DP World has announced robust financial results for the calendar year ended 31 December 2020, with revenue growing 11% year-on-year to $8.53bn and adjusted EBITDA by 0.4% to nearly $3.32bn.
Revenue growth was supported by acquisitions and full-year contribution from Topaz Energy & Marine and P&O Ferries; like-for-like containerised revenue was up 1.8%.
EBITDA held steady at $3.3bn in 2020, with adjusted EBITDA that excluded one-off land sale in 2019 decreasing just 0.8% year-on-year on a like-for-like basis, which the company said showed “resilience of the wider portfolio.”
Cash flow from operating activities increased 17.8% y-o-y to $2.90bn as DP World “focused on managing costs to preserve cash,” while free cash flow (post cash tax and maintenance capital expenditure) improved 19.0% to almost $2.45bn.
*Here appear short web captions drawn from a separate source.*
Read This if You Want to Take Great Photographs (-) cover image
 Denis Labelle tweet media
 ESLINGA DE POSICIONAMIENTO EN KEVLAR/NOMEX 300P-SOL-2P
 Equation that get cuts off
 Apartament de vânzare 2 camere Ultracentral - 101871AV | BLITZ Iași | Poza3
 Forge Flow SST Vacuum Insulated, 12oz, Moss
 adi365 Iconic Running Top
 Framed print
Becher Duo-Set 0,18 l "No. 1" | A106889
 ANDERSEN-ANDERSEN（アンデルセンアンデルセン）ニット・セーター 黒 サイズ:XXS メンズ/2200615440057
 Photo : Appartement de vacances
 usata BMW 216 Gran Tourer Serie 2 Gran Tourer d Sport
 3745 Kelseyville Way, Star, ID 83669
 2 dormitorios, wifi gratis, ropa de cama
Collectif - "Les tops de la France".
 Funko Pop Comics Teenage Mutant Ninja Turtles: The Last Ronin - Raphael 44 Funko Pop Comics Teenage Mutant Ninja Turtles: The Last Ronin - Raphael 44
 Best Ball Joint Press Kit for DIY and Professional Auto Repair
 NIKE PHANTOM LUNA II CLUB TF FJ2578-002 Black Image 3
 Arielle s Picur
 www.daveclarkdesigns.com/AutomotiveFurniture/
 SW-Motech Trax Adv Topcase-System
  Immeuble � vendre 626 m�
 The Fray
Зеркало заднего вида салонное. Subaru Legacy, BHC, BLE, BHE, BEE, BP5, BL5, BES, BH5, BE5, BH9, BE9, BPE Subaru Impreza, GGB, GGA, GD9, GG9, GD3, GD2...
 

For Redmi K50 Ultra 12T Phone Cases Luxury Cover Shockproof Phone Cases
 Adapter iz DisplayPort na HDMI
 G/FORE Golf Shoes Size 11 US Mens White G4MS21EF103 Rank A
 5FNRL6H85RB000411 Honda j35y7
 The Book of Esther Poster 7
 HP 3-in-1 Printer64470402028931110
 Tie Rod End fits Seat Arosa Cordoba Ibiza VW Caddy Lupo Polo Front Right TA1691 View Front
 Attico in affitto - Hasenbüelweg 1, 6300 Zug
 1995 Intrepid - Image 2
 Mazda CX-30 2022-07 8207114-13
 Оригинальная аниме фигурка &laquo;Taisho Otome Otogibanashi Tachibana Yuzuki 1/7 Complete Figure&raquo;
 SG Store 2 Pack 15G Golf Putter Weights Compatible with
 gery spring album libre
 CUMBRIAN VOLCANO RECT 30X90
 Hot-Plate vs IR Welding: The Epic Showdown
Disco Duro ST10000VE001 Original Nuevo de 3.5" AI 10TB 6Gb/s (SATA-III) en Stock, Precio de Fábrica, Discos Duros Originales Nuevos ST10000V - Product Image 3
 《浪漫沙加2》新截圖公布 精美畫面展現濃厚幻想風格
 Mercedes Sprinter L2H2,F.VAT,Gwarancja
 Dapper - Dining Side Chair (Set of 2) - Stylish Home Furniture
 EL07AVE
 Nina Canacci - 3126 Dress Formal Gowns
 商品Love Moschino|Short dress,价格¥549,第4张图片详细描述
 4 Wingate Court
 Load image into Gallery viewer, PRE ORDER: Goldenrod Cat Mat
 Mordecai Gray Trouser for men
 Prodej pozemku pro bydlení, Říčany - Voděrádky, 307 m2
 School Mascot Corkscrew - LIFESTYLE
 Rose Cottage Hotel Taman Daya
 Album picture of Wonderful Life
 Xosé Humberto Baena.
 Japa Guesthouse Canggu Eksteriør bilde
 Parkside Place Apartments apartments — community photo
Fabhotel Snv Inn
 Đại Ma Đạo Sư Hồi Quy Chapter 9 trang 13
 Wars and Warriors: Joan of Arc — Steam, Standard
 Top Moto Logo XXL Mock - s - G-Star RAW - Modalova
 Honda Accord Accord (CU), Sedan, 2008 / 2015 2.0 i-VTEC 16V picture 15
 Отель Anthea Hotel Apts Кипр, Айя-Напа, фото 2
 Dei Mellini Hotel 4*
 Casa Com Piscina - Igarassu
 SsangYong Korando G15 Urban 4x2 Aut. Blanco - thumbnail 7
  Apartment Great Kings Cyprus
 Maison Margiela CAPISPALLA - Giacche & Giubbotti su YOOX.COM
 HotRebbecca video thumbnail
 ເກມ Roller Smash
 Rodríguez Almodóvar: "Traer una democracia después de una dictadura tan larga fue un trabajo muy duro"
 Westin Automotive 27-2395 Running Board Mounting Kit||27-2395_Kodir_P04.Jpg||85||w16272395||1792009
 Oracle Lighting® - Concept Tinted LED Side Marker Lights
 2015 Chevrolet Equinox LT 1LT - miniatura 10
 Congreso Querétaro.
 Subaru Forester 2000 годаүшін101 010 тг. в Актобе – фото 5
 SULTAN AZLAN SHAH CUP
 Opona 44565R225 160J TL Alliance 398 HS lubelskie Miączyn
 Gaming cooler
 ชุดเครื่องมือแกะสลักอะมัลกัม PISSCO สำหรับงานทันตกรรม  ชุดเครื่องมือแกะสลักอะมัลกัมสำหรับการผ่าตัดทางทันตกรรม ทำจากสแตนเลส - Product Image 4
“We are delighted that our portfolio has performed better than expected and, in a year like no other, to deliver flat volumes, stable EBITDA and free-cashflow growth is a remarkable achievement,” commented DP World Group chairman and ceo Sultan Ahmed Bin Sulayem, pointing out that the company had also de-listed its equity from the stock exchange and returned to private ownership in 2020.
“The strength and resilience that our business continually demonstrates throughout the cycles is due to the investment the Group has made over the years in response to changes in our industry,” he said. “Our ability to adapt and change has been the key to our success, and we must continue to evolve for continued growth.”
One example of that investment is in the innovative BoxBay container high bay storage system concept, a test facility for which has been installed at DP World’s flagship facility in Jebel Ali (pictured) and earlier this month successfully completed its first 10,000 moves.